▶ _PROBLEM TO SOLVE_
Reproduce the top of the data verbatim, through and including the line that contains "2019_iga_atelier_1H0A3303".

::::

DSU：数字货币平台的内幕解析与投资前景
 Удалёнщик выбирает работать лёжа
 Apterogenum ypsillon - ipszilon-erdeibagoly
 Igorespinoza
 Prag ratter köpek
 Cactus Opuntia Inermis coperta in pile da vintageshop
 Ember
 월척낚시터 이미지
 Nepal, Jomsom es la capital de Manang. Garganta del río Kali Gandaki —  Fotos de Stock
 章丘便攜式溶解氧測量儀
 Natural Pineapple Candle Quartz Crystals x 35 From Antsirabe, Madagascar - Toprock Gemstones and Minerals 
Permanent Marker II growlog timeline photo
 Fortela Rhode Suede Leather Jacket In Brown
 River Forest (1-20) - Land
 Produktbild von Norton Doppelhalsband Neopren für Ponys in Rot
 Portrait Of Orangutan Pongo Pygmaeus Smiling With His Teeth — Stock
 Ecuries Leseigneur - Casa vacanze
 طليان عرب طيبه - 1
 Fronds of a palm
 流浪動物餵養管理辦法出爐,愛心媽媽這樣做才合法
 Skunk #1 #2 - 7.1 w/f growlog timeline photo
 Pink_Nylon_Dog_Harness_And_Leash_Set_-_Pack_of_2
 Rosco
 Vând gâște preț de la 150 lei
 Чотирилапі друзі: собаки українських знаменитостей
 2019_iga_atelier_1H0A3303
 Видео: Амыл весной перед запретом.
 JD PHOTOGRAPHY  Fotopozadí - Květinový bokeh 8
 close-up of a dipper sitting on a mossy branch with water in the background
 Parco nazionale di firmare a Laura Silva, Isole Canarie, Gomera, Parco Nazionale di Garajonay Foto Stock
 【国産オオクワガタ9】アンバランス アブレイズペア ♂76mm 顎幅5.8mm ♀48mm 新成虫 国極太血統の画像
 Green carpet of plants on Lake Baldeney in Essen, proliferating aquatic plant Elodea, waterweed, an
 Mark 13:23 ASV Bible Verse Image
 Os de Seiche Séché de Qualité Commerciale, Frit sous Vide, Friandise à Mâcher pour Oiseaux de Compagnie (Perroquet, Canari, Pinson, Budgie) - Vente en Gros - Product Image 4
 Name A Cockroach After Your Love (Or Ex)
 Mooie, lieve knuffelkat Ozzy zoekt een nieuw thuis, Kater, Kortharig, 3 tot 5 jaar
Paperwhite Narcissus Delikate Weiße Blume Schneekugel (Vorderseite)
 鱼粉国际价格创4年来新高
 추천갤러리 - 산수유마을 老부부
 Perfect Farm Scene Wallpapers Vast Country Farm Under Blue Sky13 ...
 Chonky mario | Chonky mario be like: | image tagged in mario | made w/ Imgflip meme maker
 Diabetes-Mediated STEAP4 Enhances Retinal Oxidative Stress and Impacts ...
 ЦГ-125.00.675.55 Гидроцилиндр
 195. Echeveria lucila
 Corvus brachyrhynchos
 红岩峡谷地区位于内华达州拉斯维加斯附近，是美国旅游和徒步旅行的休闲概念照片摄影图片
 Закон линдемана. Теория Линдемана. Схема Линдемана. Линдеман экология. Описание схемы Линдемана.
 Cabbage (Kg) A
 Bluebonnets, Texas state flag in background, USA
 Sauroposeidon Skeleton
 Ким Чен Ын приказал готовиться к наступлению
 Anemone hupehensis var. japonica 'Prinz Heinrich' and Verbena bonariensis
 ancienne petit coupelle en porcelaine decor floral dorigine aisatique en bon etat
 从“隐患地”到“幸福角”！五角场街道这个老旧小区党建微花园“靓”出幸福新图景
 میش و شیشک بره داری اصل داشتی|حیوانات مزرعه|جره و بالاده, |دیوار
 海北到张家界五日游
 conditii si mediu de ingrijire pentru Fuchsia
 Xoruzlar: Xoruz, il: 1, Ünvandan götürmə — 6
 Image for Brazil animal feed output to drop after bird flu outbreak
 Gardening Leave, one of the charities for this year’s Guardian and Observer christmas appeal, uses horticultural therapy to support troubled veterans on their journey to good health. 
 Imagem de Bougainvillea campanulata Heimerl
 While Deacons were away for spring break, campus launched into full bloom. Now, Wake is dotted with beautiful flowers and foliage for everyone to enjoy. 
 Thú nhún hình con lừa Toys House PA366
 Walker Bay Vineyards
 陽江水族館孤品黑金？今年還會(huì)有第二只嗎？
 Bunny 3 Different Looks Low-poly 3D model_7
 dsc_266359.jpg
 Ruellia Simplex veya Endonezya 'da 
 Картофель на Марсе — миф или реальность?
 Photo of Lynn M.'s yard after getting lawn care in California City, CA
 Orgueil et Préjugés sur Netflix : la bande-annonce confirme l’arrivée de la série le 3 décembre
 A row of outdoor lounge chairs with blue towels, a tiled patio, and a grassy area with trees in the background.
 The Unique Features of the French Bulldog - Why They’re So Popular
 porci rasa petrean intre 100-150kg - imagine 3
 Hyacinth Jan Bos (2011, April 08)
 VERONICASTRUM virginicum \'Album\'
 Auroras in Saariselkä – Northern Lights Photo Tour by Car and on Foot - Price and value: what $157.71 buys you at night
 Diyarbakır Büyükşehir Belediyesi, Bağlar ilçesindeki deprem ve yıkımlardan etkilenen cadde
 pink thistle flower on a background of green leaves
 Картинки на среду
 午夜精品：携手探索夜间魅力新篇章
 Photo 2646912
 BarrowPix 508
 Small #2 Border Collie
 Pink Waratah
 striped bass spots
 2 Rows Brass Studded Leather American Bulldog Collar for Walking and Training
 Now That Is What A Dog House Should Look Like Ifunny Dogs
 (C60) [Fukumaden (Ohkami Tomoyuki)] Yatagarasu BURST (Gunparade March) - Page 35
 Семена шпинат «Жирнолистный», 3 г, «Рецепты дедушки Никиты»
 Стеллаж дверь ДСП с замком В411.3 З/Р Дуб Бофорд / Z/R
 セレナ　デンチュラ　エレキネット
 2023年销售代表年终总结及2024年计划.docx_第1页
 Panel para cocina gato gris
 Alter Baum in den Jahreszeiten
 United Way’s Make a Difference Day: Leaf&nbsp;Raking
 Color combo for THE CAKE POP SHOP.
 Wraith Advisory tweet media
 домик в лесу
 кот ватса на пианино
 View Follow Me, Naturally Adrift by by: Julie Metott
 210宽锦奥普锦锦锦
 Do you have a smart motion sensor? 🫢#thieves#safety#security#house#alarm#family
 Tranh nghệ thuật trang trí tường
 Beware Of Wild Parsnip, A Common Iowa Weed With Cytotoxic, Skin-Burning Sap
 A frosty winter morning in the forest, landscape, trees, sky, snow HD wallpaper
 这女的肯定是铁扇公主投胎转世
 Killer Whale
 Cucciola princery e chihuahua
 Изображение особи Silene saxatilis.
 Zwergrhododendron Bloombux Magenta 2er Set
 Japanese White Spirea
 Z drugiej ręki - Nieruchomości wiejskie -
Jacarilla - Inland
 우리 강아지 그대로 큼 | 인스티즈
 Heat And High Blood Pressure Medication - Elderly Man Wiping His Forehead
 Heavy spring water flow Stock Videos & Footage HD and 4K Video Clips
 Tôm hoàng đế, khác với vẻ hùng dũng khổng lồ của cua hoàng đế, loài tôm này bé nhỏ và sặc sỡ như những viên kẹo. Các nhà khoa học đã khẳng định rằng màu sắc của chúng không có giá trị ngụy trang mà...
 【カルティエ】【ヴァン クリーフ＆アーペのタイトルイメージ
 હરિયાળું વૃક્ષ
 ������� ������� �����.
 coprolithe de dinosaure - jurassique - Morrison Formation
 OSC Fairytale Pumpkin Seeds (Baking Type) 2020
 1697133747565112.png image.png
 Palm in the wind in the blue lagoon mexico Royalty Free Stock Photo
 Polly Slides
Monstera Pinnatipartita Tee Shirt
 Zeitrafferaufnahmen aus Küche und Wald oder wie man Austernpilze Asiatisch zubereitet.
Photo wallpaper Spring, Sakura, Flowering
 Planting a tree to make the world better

::::

▶ _RESPONSE_
DSU：数字货币平台的内幕解析与投资前景
 Удалёнщик выбирает работать лёжа
 Apterogenum ypsillon - ipszilon-erdeibagoly
 Igorespinoza
 Prag ratter köpek
 Cactus Opuntia Inermis coperta in pile da vintageshop
 Ember
 월척낚시터 이미지
 Nepal, Jomsom es la capital de Manang. Garganta del río Kali Gandaki —  Fotos de Stock
 章丘便攜式溶解氧測量儀
 Natural Pineapple Candle Quartz Crystals x 35 From Antsirabe, Madagascar - Toprock Gemstones and Minerals 
Permanent Marker II growlog timeline photo
 Fortela Rhode Suede Leather Jacket In Brown
 River Forest (1-20) - Land
 Produktbild von Norton Doppelhalsband Neopren für Ponys in Rot
 Portrait Of Orangutan Pongo Pygmaeus Smiling With His Teeth — Stock
 Ecuries Leseigneur - Casa vacanze
 طليان عرب طيبه - 1
 Fronds of a palm
 流浪動物餵養管理辦法出爐,愛心媽媽這樣做才合法
 Skunk #1 #2 - 7.1 w/f growlog timeline photo
 Pink_Nylon_Dog_Harness_And_Leash_Set_-_Pack_of_2
 Rosco
 Vând gâște preț de la 150 lei
 Чотирилапі друзі: собаки українських знаменитостей
 2019_iga_atelier_1H0A3303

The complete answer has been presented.